## [Available data]
● ● ● ●
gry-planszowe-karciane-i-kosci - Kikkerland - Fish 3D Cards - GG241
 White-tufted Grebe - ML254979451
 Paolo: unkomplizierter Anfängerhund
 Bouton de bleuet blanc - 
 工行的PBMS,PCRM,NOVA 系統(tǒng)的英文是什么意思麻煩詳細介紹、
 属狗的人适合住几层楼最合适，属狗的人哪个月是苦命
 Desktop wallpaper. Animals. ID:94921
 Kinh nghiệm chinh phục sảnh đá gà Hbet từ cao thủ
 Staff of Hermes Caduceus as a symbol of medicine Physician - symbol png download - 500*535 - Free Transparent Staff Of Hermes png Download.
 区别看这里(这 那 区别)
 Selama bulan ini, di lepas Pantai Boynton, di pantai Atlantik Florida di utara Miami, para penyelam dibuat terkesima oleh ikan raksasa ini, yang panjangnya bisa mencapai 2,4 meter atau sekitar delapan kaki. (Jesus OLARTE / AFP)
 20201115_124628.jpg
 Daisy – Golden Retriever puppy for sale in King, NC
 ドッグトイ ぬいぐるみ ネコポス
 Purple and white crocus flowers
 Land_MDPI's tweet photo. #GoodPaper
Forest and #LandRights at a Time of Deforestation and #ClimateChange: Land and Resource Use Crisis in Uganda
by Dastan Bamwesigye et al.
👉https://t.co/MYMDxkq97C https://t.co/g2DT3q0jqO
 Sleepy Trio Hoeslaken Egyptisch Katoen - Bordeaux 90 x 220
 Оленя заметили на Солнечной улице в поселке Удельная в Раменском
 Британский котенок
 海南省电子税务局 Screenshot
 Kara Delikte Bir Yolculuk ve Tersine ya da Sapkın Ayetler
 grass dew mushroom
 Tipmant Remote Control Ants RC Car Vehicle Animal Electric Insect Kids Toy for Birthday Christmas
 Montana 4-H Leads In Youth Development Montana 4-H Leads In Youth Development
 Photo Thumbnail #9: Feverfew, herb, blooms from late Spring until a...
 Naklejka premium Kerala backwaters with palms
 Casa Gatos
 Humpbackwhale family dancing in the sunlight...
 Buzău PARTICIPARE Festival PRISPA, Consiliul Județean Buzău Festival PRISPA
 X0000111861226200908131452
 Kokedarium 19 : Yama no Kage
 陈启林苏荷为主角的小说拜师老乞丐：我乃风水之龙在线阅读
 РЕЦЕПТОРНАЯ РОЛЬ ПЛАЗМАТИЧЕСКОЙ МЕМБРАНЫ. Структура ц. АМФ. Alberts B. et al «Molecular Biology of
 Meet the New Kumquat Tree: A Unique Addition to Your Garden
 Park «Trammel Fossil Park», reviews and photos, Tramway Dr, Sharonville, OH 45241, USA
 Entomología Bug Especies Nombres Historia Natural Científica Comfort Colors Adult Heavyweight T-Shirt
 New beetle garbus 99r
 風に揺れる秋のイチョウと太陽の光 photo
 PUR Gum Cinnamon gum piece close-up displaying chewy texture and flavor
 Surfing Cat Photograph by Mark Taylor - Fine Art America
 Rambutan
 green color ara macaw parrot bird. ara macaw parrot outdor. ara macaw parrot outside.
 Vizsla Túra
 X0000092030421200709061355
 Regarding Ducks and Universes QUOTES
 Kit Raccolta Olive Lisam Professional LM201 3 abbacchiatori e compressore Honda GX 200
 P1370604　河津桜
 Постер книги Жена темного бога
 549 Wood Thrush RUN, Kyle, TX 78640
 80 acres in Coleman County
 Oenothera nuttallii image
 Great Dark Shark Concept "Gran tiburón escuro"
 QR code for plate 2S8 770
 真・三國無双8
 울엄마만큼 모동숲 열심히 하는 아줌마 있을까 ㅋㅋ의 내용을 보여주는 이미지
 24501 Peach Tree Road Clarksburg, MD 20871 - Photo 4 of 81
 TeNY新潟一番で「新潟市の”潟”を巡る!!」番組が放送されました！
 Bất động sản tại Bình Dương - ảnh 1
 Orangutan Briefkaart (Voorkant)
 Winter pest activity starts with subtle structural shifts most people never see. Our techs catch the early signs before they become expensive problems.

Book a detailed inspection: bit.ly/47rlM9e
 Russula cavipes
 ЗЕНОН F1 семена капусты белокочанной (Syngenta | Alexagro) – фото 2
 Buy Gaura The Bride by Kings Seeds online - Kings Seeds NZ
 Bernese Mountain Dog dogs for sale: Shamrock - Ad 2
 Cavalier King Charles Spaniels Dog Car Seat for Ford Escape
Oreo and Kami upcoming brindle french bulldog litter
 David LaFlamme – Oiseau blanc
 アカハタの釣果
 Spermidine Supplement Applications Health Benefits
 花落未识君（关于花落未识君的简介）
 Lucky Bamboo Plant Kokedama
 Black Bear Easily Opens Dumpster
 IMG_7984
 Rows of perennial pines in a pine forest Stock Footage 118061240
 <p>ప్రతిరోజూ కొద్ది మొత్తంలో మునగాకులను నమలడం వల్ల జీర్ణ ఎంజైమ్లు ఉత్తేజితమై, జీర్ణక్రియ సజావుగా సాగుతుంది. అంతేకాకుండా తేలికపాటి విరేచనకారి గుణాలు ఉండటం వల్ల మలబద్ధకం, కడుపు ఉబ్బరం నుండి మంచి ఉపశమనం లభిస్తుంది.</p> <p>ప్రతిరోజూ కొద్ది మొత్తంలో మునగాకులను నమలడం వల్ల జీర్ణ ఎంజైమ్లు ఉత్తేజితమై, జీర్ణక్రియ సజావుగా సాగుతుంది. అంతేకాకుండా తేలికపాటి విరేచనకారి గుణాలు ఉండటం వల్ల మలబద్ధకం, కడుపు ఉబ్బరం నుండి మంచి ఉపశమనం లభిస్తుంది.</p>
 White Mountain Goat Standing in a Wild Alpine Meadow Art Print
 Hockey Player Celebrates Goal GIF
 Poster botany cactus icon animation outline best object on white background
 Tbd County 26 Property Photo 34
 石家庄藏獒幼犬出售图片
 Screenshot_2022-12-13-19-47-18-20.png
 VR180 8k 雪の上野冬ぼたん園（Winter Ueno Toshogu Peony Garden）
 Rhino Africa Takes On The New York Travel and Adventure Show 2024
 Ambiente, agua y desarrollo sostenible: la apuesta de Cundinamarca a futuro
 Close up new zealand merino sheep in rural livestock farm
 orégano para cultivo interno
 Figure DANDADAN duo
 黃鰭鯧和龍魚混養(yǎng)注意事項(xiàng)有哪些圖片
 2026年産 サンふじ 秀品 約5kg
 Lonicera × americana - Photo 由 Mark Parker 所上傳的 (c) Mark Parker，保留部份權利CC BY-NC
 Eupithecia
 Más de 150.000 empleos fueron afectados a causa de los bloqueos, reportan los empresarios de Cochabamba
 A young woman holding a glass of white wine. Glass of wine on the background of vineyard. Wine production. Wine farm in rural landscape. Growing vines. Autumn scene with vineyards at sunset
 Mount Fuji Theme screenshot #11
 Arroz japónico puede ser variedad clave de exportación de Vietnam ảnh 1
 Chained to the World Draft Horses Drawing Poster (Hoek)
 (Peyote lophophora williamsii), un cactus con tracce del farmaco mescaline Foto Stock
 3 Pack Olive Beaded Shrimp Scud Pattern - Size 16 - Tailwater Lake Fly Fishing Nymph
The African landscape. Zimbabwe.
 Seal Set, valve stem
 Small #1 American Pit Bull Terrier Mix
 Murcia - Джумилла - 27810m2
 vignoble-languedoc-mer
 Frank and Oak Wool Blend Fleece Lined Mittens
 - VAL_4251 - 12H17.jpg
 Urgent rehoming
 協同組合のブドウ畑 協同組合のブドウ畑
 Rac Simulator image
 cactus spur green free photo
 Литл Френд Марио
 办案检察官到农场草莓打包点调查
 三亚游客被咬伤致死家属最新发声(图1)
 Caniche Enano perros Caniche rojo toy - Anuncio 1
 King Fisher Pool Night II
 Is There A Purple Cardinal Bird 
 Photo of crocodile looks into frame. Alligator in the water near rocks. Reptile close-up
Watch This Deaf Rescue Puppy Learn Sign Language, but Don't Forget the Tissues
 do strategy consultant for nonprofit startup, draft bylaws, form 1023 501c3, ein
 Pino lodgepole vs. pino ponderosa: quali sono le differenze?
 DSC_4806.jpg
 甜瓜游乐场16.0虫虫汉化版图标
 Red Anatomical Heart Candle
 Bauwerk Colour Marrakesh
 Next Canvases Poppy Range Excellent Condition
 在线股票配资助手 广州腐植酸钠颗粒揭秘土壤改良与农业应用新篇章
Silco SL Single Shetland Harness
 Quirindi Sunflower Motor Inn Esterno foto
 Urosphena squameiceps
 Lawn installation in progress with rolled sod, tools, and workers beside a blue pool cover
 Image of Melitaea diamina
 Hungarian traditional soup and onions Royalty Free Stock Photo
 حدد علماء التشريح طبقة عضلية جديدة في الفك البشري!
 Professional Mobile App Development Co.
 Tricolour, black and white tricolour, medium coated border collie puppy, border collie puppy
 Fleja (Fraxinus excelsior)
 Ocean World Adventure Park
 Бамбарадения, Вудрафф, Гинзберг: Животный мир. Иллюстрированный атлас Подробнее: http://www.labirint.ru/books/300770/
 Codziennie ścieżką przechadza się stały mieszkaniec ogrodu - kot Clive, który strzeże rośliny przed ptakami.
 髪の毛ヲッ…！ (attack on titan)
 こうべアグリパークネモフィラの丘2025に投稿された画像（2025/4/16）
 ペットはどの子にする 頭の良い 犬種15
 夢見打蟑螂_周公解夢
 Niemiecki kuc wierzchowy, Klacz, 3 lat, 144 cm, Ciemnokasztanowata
● ● ● ●
## [The task]
Your answer must be the lines above from the one containing "The African landscape. Zimbabwe." to the one containing "Watch This Deaf", both included, restated word for word.

## [Answer to the problem]
The African landscape. Zimbabwe.
 Seal Set, valve stem
 Small #1 American Pit Bull Terrier Mix
 Murcia - Джумилла - 27810m2
 vignoble-languedoc-mer
 Frank and Oak Wool Blend Fleece Lined Mittens
 - VAL_4251 - 12H17.jpg
 Urgent rehoming
 協同組合のブドウ畑 協同組合のブドウ畑
 Rac Simulator image
 cactus spur green free photo
 Литл Френд Марио
 办案检察官到农场草莓打包点调查
 三亚游客被咬伤致死家属最新发声(图1)
 Caniche Enano perros Caniche rojo toy - Anuncio 1
 King Fisher Pool Night II
 Is There A Purple Cardinal Bird 
 Photo of crocodile looks into frame. Alligator in the water near rocks. Reptile close-up
Watch This Deaf Rescue Puppy Learn Sign Language, but Don't Forget the Tissues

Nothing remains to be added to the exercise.